そして、二以上の家屋が一体として一の機能を有する「一構えの家屋」と認められる場合には、当該二以上の家屋は、「一の家屋」に該当するところ、当該二以上の家屋が併せて一構えの一の家屋であると認められるか否かについては、それぞれの家屋の規模、構造、間取り、設備、各家屋間の距離等客観的状況によって判断すべきであり、当該家屋の規模、構造、設備等の状況から判断して、当該二以上の家屋がそれぞれ独立の居住用家屋としての機能を有する場合には、これらの家屋を併せて一構えの一の家屋であるとは認められないこととなります。
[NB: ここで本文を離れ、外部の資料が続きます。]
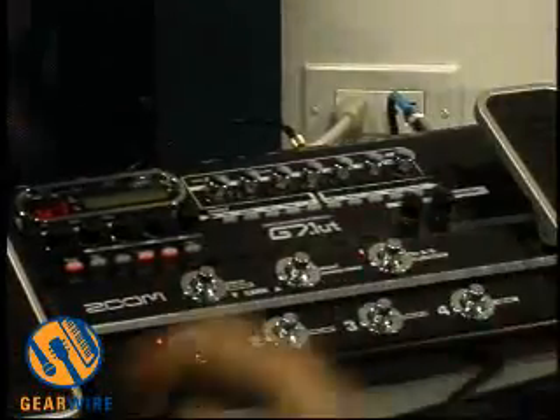You can also do classic amp switching. We're able to very simply let you switch just preamps. You've got the back end of the amp just perfect — your reverb's on, your delay's on, everything's perfect. All you want to do is go from clean to distortion. One button does that.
本質疑の場合、例えば、B家屋が乙の勉強部屋や寝室のみしかなく、勉強部屋や寝室として使用されているような場合には、A家屋と一体として一の機能を有する一構えの家屋とみるのが相当であるため、その全てについて、本件特例を適用することができるものと考えられます。
しかしながら、例えば、A家屋及びB家屋が、それぞれ、複数の居室、リビング、台所、風呂及びトイレを有しているなど、それぞれ独立して居住用家屋としての機能を有している場合には、A家屋及びその敷地については本件特例を適用することができますが、B家屋及びその敷地については本件特例を適用することはできないものと考えられます。